LES MOTS D’UNE AUTRE

Dans son salon, seule face à la caméra, une femme raconte le viol dont elle a été victime il y a plusieurs années. Une autre femme lui succède dans la scène suivante, et dans un dispositif semblable, raconte elle aussi l’agression sexuelle qu’elle a subi. Une troisième femme suit, nettement plus jeune, puis une quatrième plus âgée, etc… A chacune ses mots pour raconter. Mais pour raconter quoi exactement ? Il y a des points commun impossibles à ignorer entre leurs récits. A quel moment se rend-on compte qu’il s’agit en réalité d’une seule et même histoire, racontée par des bouts différents ? Relativement tôt (ce n’est pas un spoiler), mais cela reste difficile à dire, et c’est la première réussite du documentaire d’Alexe Poukine, qui n’est jamais exactement là où on l’attend.

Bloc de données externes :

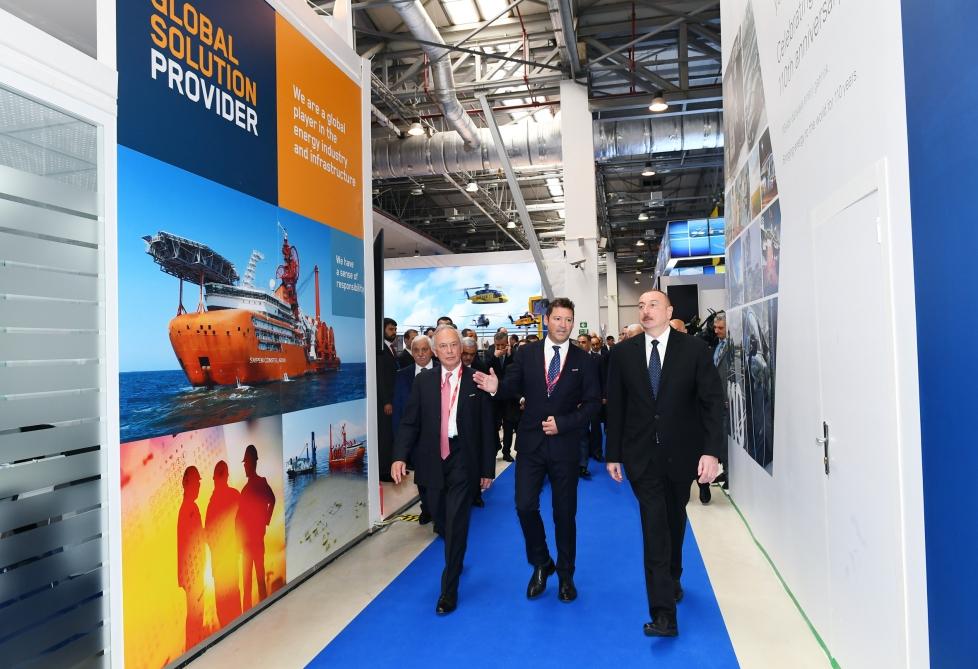 Президент Ильхам Алиев принял участие в открытии XXVI Международной выставки и конференции «Нефть и газ Каспия-2019» (ФОТО)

A l’origine de Sans frapper, il y a donc une seule histoire, une histoire vraie. Celle d’Ada, une jeune femme qui n’apparait jamais à l’écran mais dont les mots – racontés par d’autres – sont omniprésents. Pourquoi une telle « mise en scène » de sa parole ? Parce que celle des victimes de viol est rarement écoutée et prise au sérieux, mais aussi parce que l’aspect irrationnel de sa réaction à l’époque (Ada est retournée spontanément voir son violeur à plusieurs reprises, de son propre chef) pose des questions qui dérangent. Parce qu’il ne ressemble pas au récit « idéal » et fantasmé du viol telle qu’on est prêt à l’intégrer, ce récit nous oblige à nous interroger sur ce que nous sommes prêts à entendre, prêts à croire.

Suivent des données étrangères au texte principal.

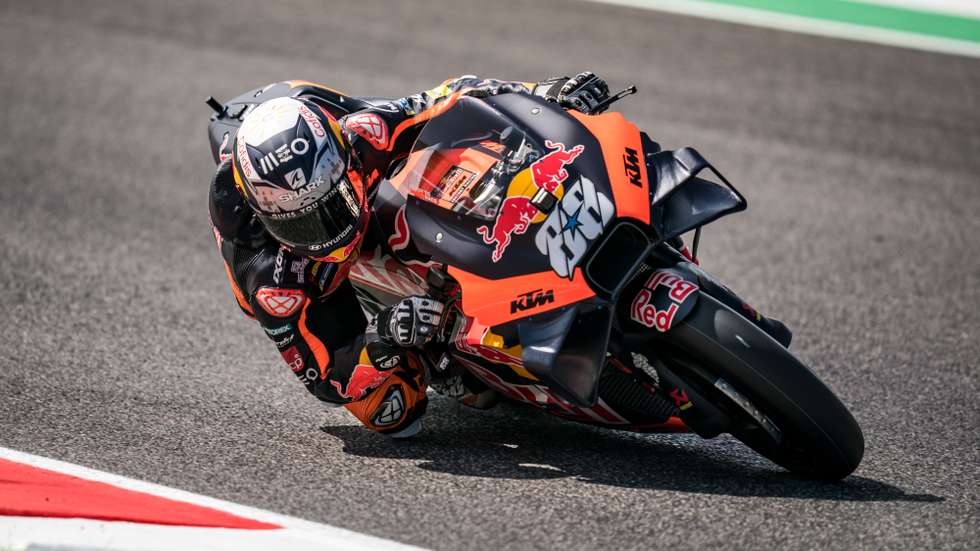 Miguel Oliveira saiu do 15.º posto, ganhou seis posições e fez em Mugello o terceiro top 10 da época, acabando no nono lugar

On pourrait dès lors dire qu’il y a trois sujets différents et successifs dans Sans frapper. L’histoire d’Ada tout d’abord, puis l’histoire des 14 personnes invitées à raconter son histoire à sa place. Que leurs vécus soient éloignés ou non de celui d’Ada, leur subjectivité déborde de leur interprétation. La frontière est de plus en plus floue entre le récit d’origine et leurs propres histoires. On ne sait plus où commence le commentaire et où se termine l’interprétation. Ce qu’Alexe Poukine filme, c’est comment on peut aussi se raconter par les mots d’une autre.

Le 3e sujet n’est pas le moins glaçant. C’est la différence avec laquelle nous autres, auditeurs de cet éprouvant récit, recevons ces mots en fonction de qui les raconte. Certaines phrases reviennent à différents moments du film, mais on s’en aperçoit à peine tant ils sonnent différemment dans la bouche de telle ou telle personne. Sont-elles plus crédibles dans la bouche d’une femme visiblement éduquée et aisée ? Le comportement difficilement compréhensible d’Ada provoque t-il un jugement plus sévère si cette dernière prend les traits d’une fille supposée facile ? Bien plus qu’un vain exercice narratif, Sans frapper est un documentaire passionnant dont l’écriture originale rend justice à la complexité de ces questions.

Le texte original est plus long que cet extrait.